2. Bristol-Myers Squibb Co (NYSE:BMY)
Number of Hedge Fund Investors: 57
A caller recently asked Jim Cramer about his thoughts on Bristol-Myers Squibb Co (NYSE:BMY), referring to Bristol-Myers Squibb Co’s (NYSE:BMY) almost 6% dividend yield. Cramer said that if you want to get “paid to wait,” Pfizer is a better choice because with Bristol-Myers Squibb Co (NYSE:BMY) “it’s going to be a long wait.”
Bristol-Myers Squibb Co (NYSE:BMY) shares have lost about 36% over the past one year. The stock is getting clobbered amid fears of sales declines following patent expirations. Bristol-Myers Squibb Co’s (NYSE:BMY) cancer drug Revlimid has seen severe sales declines after it went off-patent in 2022. Bristol-Myers Squibb Co’s (NYSE:BMY) anti-stroke drug Eliquis is going off-patent in 2026. To offset the potential declines, Bristol-Myers Squibb Co (NYSE:BMY) is going on a buying spree, acquiring smaller companies to expand its portfolio. Bristol-Myers Squibb Co (NYSE:BMY) bought Karuna Therapeutics (neuroscience drugs), RayzeBio, Inc.( adiopharmaceutical therapeutics) and Mirati Therapeutics (oncology drugs).

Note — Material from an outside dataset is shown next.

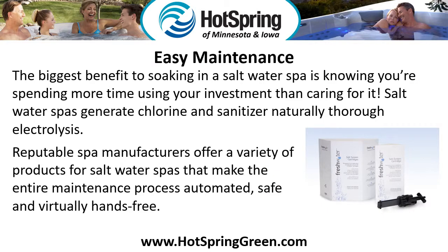Easy Maintenance. The biggest benefit to soaking in a salt water spa is knowing you're spending more time using your investment than caring for it. Salt water spas generate chlorine and sanitizer naturally through electrolysis. Reputable spa manufacturers offer a variety of products that make the entire maintenance process automated, safe, and virtually hands-free.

Earlier this month, Bristol-Myers Squibb Co (NYSE:BMY) jumped after the company said the FDA-authorized cancer therapy Krazati (adagrasib) reached its main goal in a late-stage trial for lung cancer.
Some analysts believe Bristol-Myers Squibb Co (NYSE:BMY) could use AI for drug discovery to expand its portfolio. According to data from McKinsey, generative AI could produce $60 billion to $110 billion annually in value for the pharmaceutical industry. However, our research shows there are many pure-play AI stocks currently trading at attractive valuations. If you are looking for an AI stock that is as promising as Microsoft but that trades at less than 5 times its earnings, check out our report about the cheapest AI stock.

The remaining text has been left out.